Operations of the afore-mentioned slide type opening and closing device will now be described in detail with reference to FIGS. 2 through 4. Referring to FIGS. 2 through 4, the mobile phone 12 is opened as the second connection member 40 moves to the right in the drawings with respect to the first connection member 20 but closed as the second connection member 40 moves to the left.
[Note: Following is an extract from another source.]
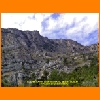PIC_0615_edited.JPG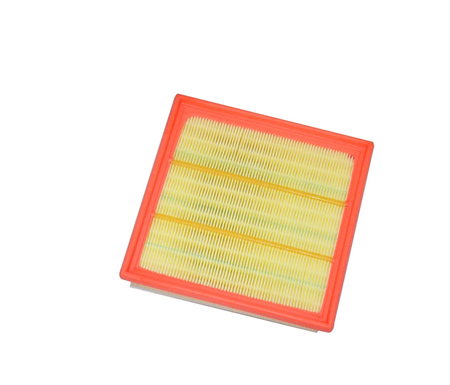 UFI 30.297.00 FILTR POWIETRZA FIAT DOBLO 09> 1.6 JTD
FIGS. 2 (a) and (b) show the mobile phone 12 remaining in a completely closed condition. Under this condition, the second connection member 40 lies at the leftmost position in the drawings with respect to the first connection member 20 and the first and second B- rollers 44, 46 of the second connection member 40 are placed at the left side of the first and second A-rollers 30, 32 of the first connection member 20. The extension parts 75, 76 of the first spring 70 and the extension parts 85, 86 of the second spring 80 have a tendency to spread apart from each other. Accordingly, the first spring 70 and the second spring 80 urge the second connection member 40 to move to the left with respect to the first connection member 20. Due to the fact that the mobile phone 12 is already in a completely closed condition, the second connection member 40 cannot move farther to the left with respect to the first connection member 20, thus stably keeping the mobile phone 12 in the closed condition.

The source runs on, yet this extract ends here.